L’ex presidente della Camera, Luciano Violante, è convinto che Giorgia Meloni stia lavorando alla costruzione di un nuovo Pci italiano. No, un attimo. Nulla a che vedere, chiaramente, con il vecchio gran partito comunista. Ma un partito conservatore. Violante dice a Libero di guardare con interesse Meloni “nella paziente costruzione di un vero partito conservatore, senza fascismi”. Ci sono, oggi, gli estremi affinché avvenga la gemmazione di una formazione politica con queste sembianze. Lo abbiamo chiesto a Marco Tarchi, politologo e docente all’Università degli Studi di Firenze Cesare Alfieri.

Luciano Violante sostiene che Giorgia Meloni sia al lavoro per costruire un partito conservatore italiano, oltre fascismi e localismi. È, in effetti, in atto questo processo?

Sul piano delle dichiarazioni, sì, ma di mosse pratiche finora se ne sono viste poche. E finché sussisteranno come realtà autonome Forza Italia e i gruppetti di Toti, Lupi e simili non sarà facile che questa prospettiva si concretizzi. A meno di non voler ridurre il conservatorismo a una mera copia dell’ala moderata della Democrazia cristiana. Che era ben altra cosa rispetto a quanto Meloni ha sempre dichiarato di voler creare.

Cosa manca a FdI per diventare uno schieramento politico che si avvicini al modello conservatore per eccellenza, quello dei Tory britannico?

Il contesto politico di quel Paese, e comunque i Conservatori inglesi, al di là dell’etichetta, sono un eterogeneo aggregato di tendenze liberali, moderate, blandamente nazionaliste e persino moderatamente progressiste, che – malgrado la formale alleanza – con la cultura politica di Fratelli d’Italia ha poco a che vedere.

Pensa che ci possa essere spazio, anche su scala internazionale per una nuova forma di partito conservatore con il quale intessere nuove alleanze?

Questa struttura di coordinamento c’è già – il Partito dei Conservatori e Riformisti – e Meloni la presiede. Ma, per l’eterogeneità a cui accennavo ha scarse capacità operative. Ampliarne i confini mi sembra impresa ardua: Tra Vox e i Tories, i Democratici di Svezia e la Csu, il Pis polacco e i Républicains francesi le distanze rimangono notevoli.

In questa operazione Salvini e Berlusconi potrebbero rispolverare l’idea del patto federativo in chiave anti-Meloni?
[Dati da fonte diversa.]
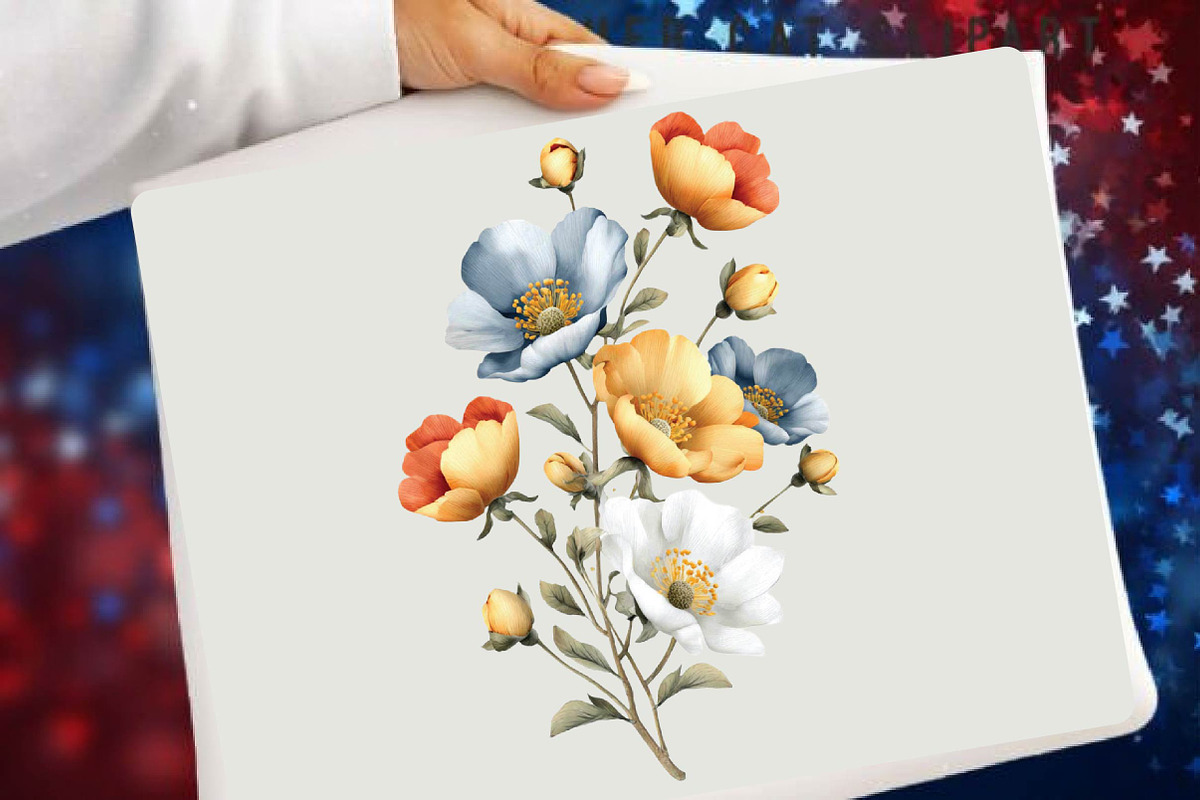 Summer Flowers Clipart Bundle., an Illustration by SVGArt (Photo 9 of 9)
È possibile, ma a meno di assorbire completamente Forza Italia, per la Lega sarebbe l’ennesima mossa autolesionistica, che le precluderebbe ogni futuro possibile accesso a quel serbatoio di umori populisti che in passato l’aveva proiettata oltre il 34% dei voti.

Una delle sfide maggiori per questo governo è la riforma istituzionale in chiave presidenziale o semi-presidenziale. Ce la farà?

Dipende dal possibile appoggio – previa contropartite – di Calenda e Renzi. Che al momento non mi sembrano propensi a fornirlo. È un’incognita.

Grande è la confusione in casa Pd per la Successione di Enrico Letta alla segretaria. Che scenari prevede? Ci sarà l’alleanza con i Grillini o è un amore sfiorito?

Di sicuro, un ritorno al connubio con il Pd interromperebbe la tendenza al recupero dei consensi che il M5S sta mostrando: gran parte dell’elettorato dei Cinque Stelle non ha granché a che fare con la sinistra e nel movimento cerca le residue tracce del grillismo delle origini (dal reddito di cittadinanza ai sentimenti anti-establishment). Quanto al Pd, lo scontro Bonaccini-Schlein mostrerà ancor più chiaramente l’estrema difficoltà di tenere insieme anime che esprimono divergenze ideologiche profonde. E il rischio-scissione non è affatto da escludere. Se poi dovesse prevalere la linea Schlein, Calenda e Renzi potrebbero festeggiare.